The FDA is approving drugs at twice the rate it did last year suggesting 2016's marked slowdown was an aberration rather than a sign of flagging R&D, according to Reuters.

It said the FDA had already approved 21 drugs this year compared to 22 for the whole of 2016. Only nine at been approved at the end of May last year.

Meanwhile the EMA's approval progress has also picked up though less rapidly with 42 approvals to date this year against a 2016 total of 81. There were 31 EMA approvals in the first five months of 2016.

It noted pharmacos were "getting smarter" in their drug development by shifting R&D resources to more specialised and costly drugs and way from  "mass-market products".

But, while that was leading to more approvals there was still the omnipresent problem of pricing, with some new cancer treatments costs more than US $10,000 per month facing off against healthcare providers trying to push down spending.

It quoted former Pfizer research head, John LaMattina, now a board member at PureTech Health, as saying he was unsurprised by the approvals rebound and believed concerns expressed at the end of last year about deteriorating drug pipelines were "far too dire".
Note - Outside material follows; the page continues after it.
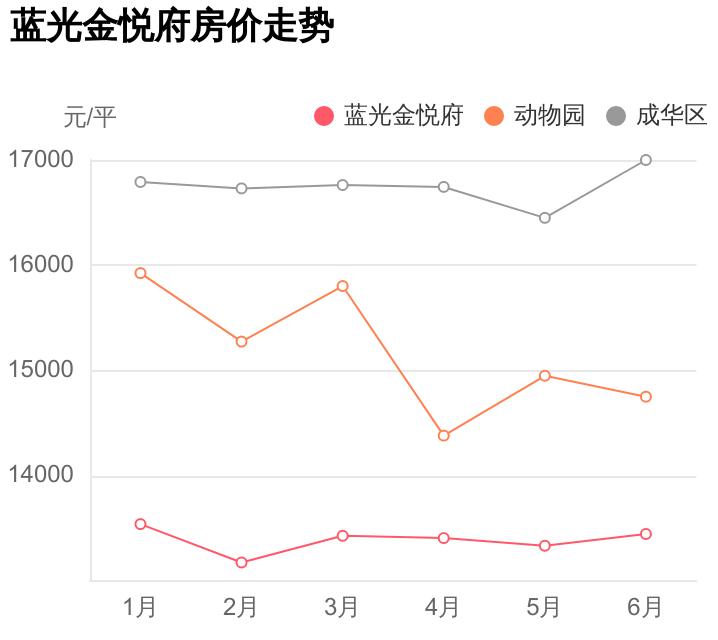 蓝光金悦府房价会涨吗,成都成华区蓝光金悦府最新房价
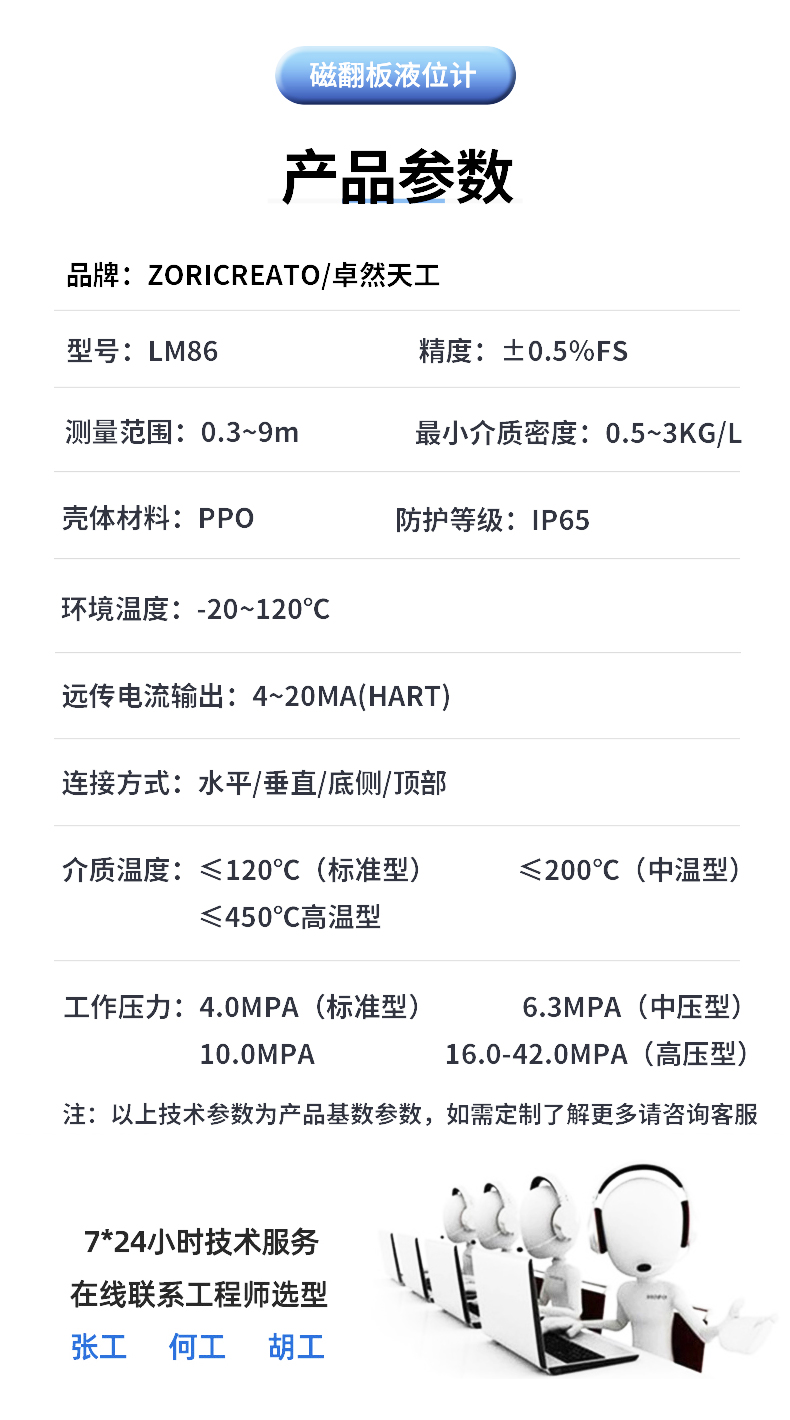 Zhuoran Tiangong top mounted direct reading magnetic flap Level sensor magnetic float, water tank Level sensor two-color liquid level display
"A lot of biopharmaceutical companies are filling their pipelines with programs that seek treatments for diseases that can be approved with an accelerated review such as rare diseases, different cancers and anti-infectives," LaMattina told the news agency.
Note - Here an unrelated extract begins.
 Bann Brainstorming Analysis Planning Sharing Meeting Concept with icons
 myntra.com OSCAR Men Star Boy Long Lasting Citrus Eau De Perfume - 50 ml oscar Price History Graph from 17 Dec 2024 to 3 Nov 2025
"These types of programs benefit from requiring modest-sized clinical trials and have the potential for generous pricing".
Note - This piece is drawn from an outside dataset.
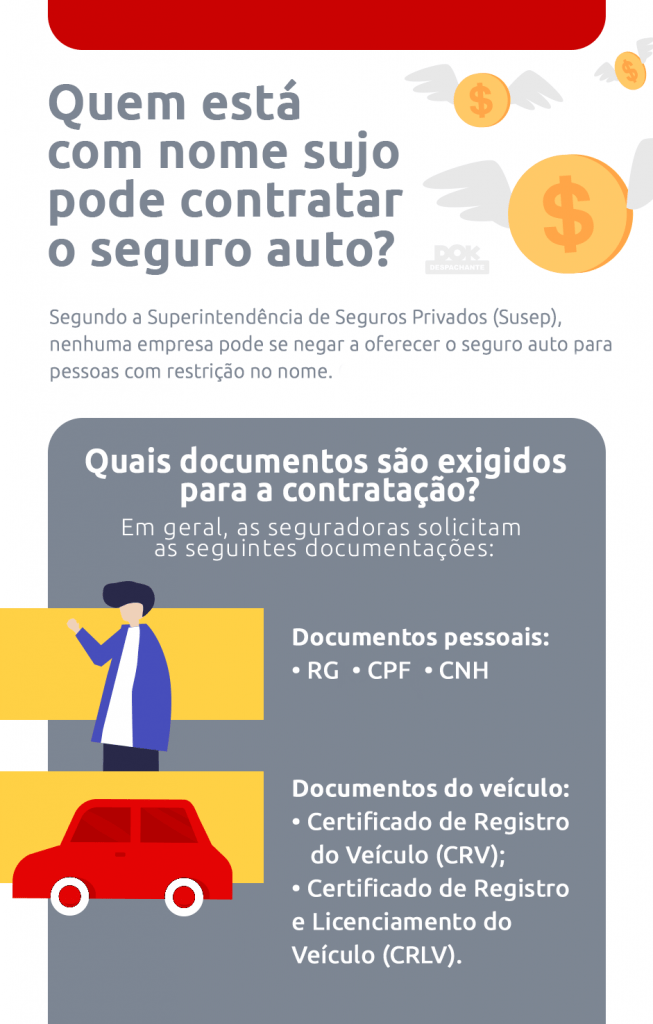 infográfico com documentos necessários para contratar seguro auto com nome sujo DOK Despachante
"We're seeing fewer R&D resources devoted to programs that require rigorous differentiation in phase III trials," he said.

But the article noted that there was also a shift in R&D with more products coming from new biotech companies which meant "big pharma companies are not necessarily out of the woods when it comes to getting a decent return on the billions of dollars they spend each year on R&D".

A compilation of consensus analyst forecasts compiled by Thomson Reuters included "several highly promising products from large multinationals that are tipped to generate billions of dollars in sales," it said.

These included;

  • Sanofi and Regeneron's Dupixent (dupilumab) for severe eczema (projected US $5 billion to 2023)
  • Roche's multiple sclerosis drug Ocrevus (ocrelizumab) (US $4 billion+)
  • AstraZeneca's cancer drug durvalumab (forecast US $3 billion)
  • Novo Nordisk's diabetes drug semaglutide
  • Novartis' as yet unnamed novel cell therapy for leukaemia
  • GSK's new shingles vaccine

It quoted QuintilesIMS as saying the robust state of the industry's late-phase R&D pipeline means it was well placed to yield an average of 40 to 45 new launches annually through to 2021.